= Neurotoxin B-IV =

Toxic protein

Neurotoxin B-IV is a venom peptide secreted by a large marine worm called Cerebratulus lacteus that inhabits the northeastern coast of North America. This neurotoxin belongs to a major type of B polypeptide neurotoxins, which appear to be selectively toxic for crustaceans. The mode of action for neurotoxin B-IV has not been clearly established. However, it is likely that B neurotoxins prolong the repolarization phase of action potentials by interacting with voltage-gated sodium channels.

== Etymology and Source ==

Neurotoxin B-IV is found in the mucus secretions of the Atlantic coast marine worm Cerebratulus lacteus. Cerebratulus lacteus produces two major types of polypeptide neurotoxins namely A and B. Toxins B include four neurotoxins designated B-I to B-IV.

== Chemistry ==

=== Structure ===

Neurotoxin B-IV has a helical structure that looks like a hairpin, and consists of 55 amino acid residues, cross-linked by four disulfide bonds.

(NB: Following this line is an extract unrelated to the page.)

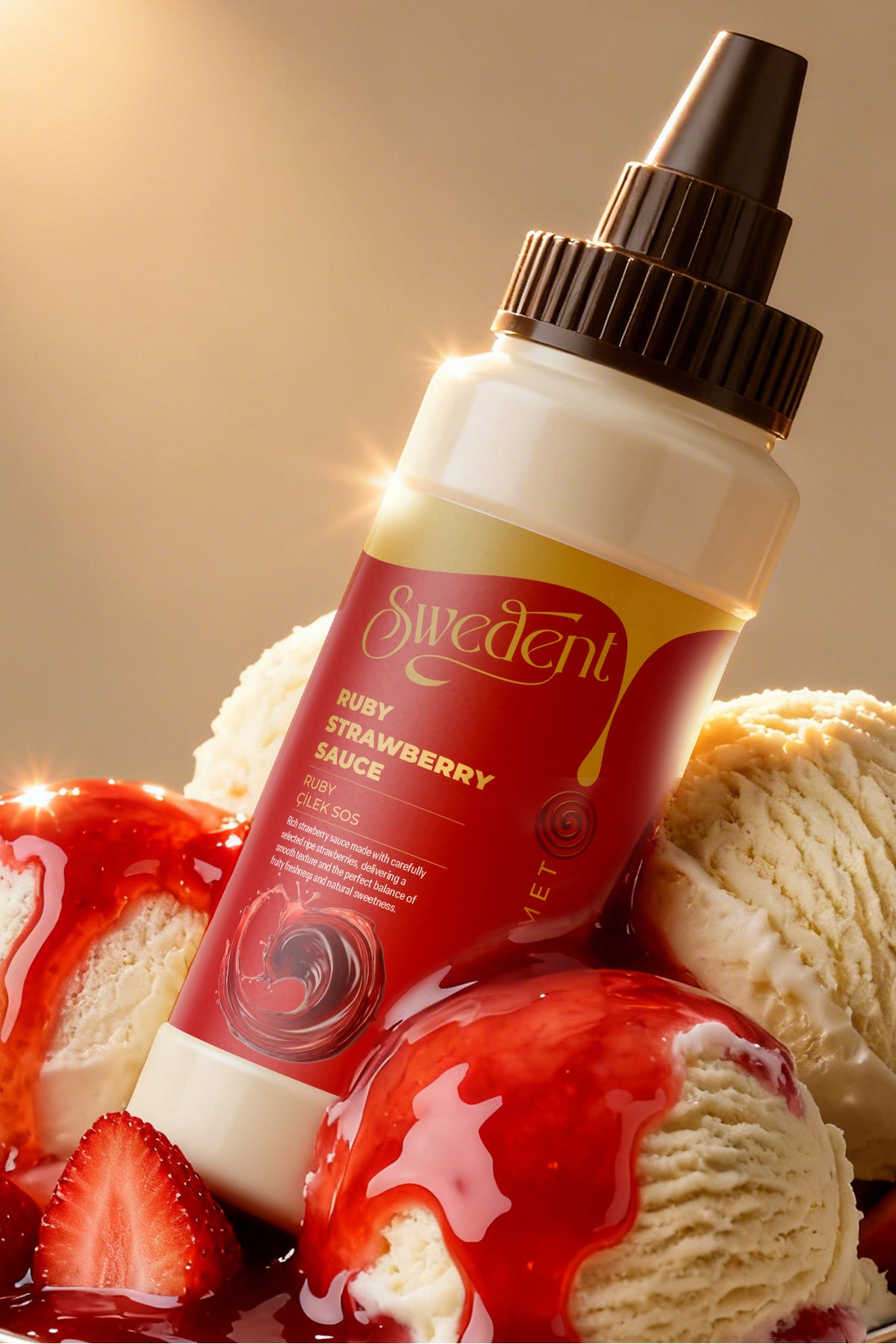 Enjoy the vibrant taste of real fruit with Swedent Gourmet Series Ruby Strawberry Flavored Sauce.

Its molecular size is about 6000 Dalton. The sequence of the neurotoxin B-IV is ASATWGAAYPACENNCRKKYDLCIRCQGKWAGKRGKCAAHCIIQKNNCKGKCKKE.

=== Homology ===

The complete structures for two of the four B toxins (B-II and B-IV) have been determined. Toxin B-II differs from B-IV in that the secondary structure of Toxin B-II contains about 15-20% less α-helixes than B-IV due to the differences in the primary structure of the two proteins; amino acids Ala in position 3, Ala in position 7 and Ala in position 8 in B-IV are substituted by amino acids Ser, Gly and Ser in B-II respectively.

No homology is displayed with other sodium channel selective toxins, such as scorpion and sea anemone venom toxins, despite being similar in size, basicity, and degree of cross-linking. The secondary structures of scorpion and anemone toxins are largely organized into β-sheet conformations, while the secondary structures of B toxins organize in α-helical conformations.

=== Family ===

Neurotoxin B-IV belongs to a family of four homologous polypeptide neurotoxins designated B-I to B-IV which are produced by the marine worm Cerebratulus lacteus.

== Target ==

Neurotoxin B-IV displays a high affinity binding to a single class of receptor sites on crustacean axon membrane vesicles. B-IV binds to a nerve membrane protein in crustaceans which is similar in size to the β-subunit of sodium channels in nerve and muscle of mammals. The binding site for toxin B-IV is distinct from sodium channel site III, which is targeted by both scorpion and sea anemone toxins.

== Mode of Action ==

Neurotoxin B-IV appears to prolong the repolarization phase of the action potential in crustacean nerve sodium channels but does not affect the initial opening of these channels. It is likely that this neurotoxin causes a small depolarization of the resting potential in lobster and crayfish walking leg nerve.

Cationic residues are important determinants for polypeptide neurotoxins' function. Specifically, the arginine residues, located within the N-terminal helix, seem to be essential for the activity of neurotoxin B-IV and are most likely directly involved in binding.

== Toxicity ==

Neurotoxin B-IV is selectively toxic to crustaceans inducing paralysis, at mean concentrations of about 20 ng/g of body weight. This neurotoxin is the most abundant of the B neurotoxin family and 15-20-fold less toxic than neurotoxin B-II.